§ **Stored data**:
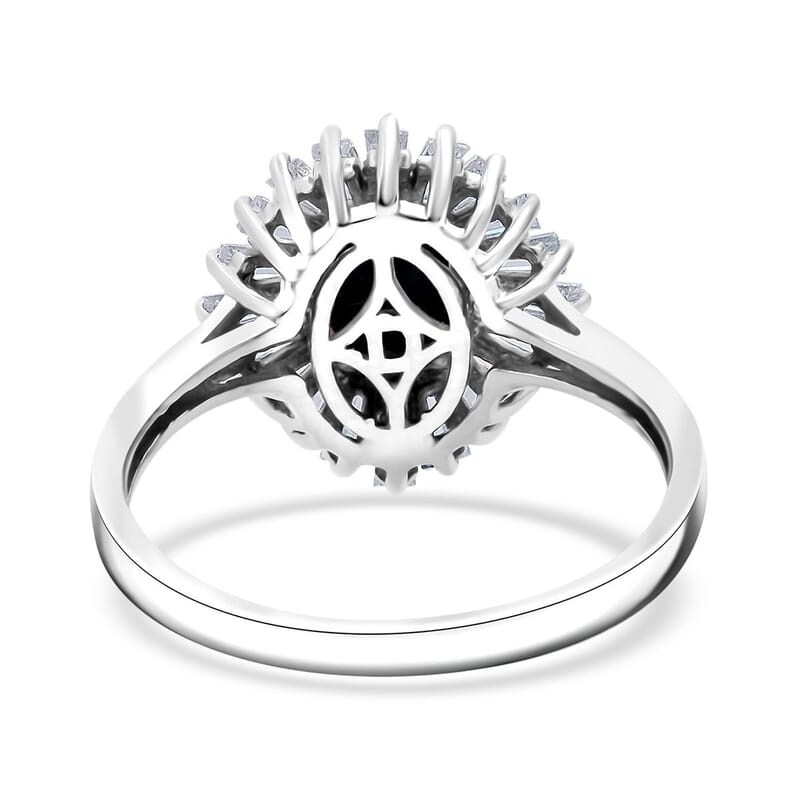 D'Joy Premium Blue Star Sapphire (DF) and Moissanite 3.15 ctw Celestial Crown Ring in Rhodium Over Sterling Silver (Size 10.0)
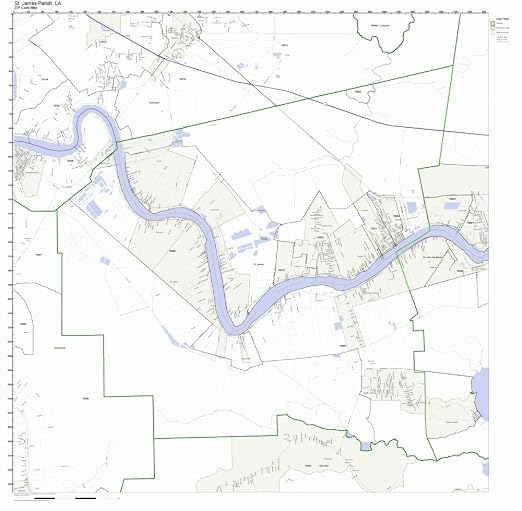 Amazon.com: St James Parish, Louisiana LA ZIP Code Map Not Laminated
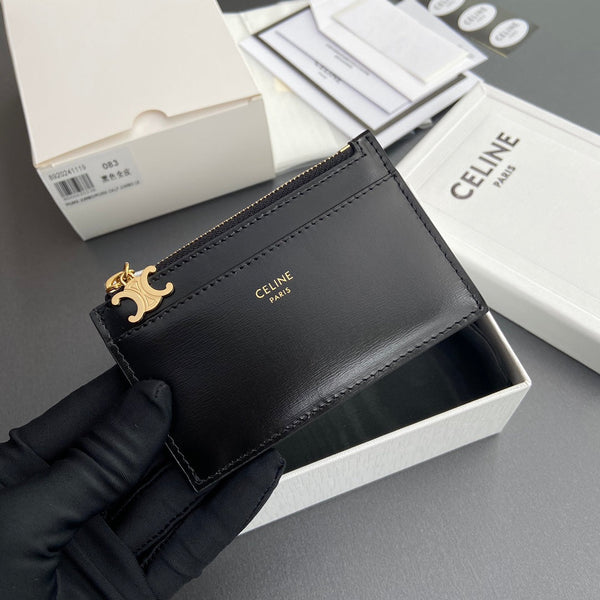 TRIOMPHE Zipped Card Holder Charms Black Leather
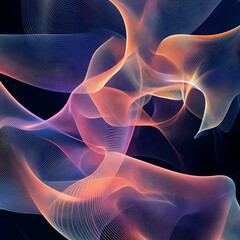 Fototapeta premium Abstract Flow: Ethereal, flowing lines of vibrant coral and deep blue create a mesmerizing abstract artwork. The dynamic forms dance across a dark backdrop, evoking a sense of movement and energy. 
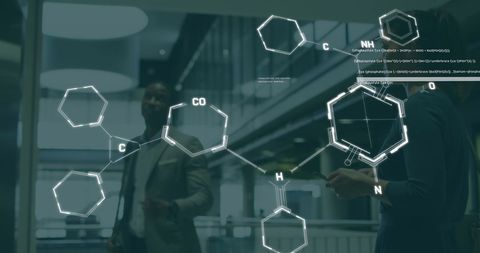 Business Professionals Analyzing Chemical Formulas in Modern Office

§ **Exercise prompt**: Leaving every picture out, repeat each line of the material exactly.

§ **Result below**:
 D'Joy Premium Blue Star Sapphire (DF) and Moissanite 3.15 ctw Celestial Crown Ring in Rhodium Over Sterling Silver (Size 10.0)
 Amazon.com: St James Parish, Louisiana LA ZIP Code Map Not Laminated
 TRIOMPHE Zipped Card Holder Charms Black Leather
 Fototapeta premium Abstract Flow: Ethereal, flowing lines of vibrant coral and deep blue create a mesmerizing abstract artwork. The dynamic forms dance across a dark backdrop, evoking a sense of movement and energy. 
 Business Professionals Analyzing Chemical Formulas in Modern Office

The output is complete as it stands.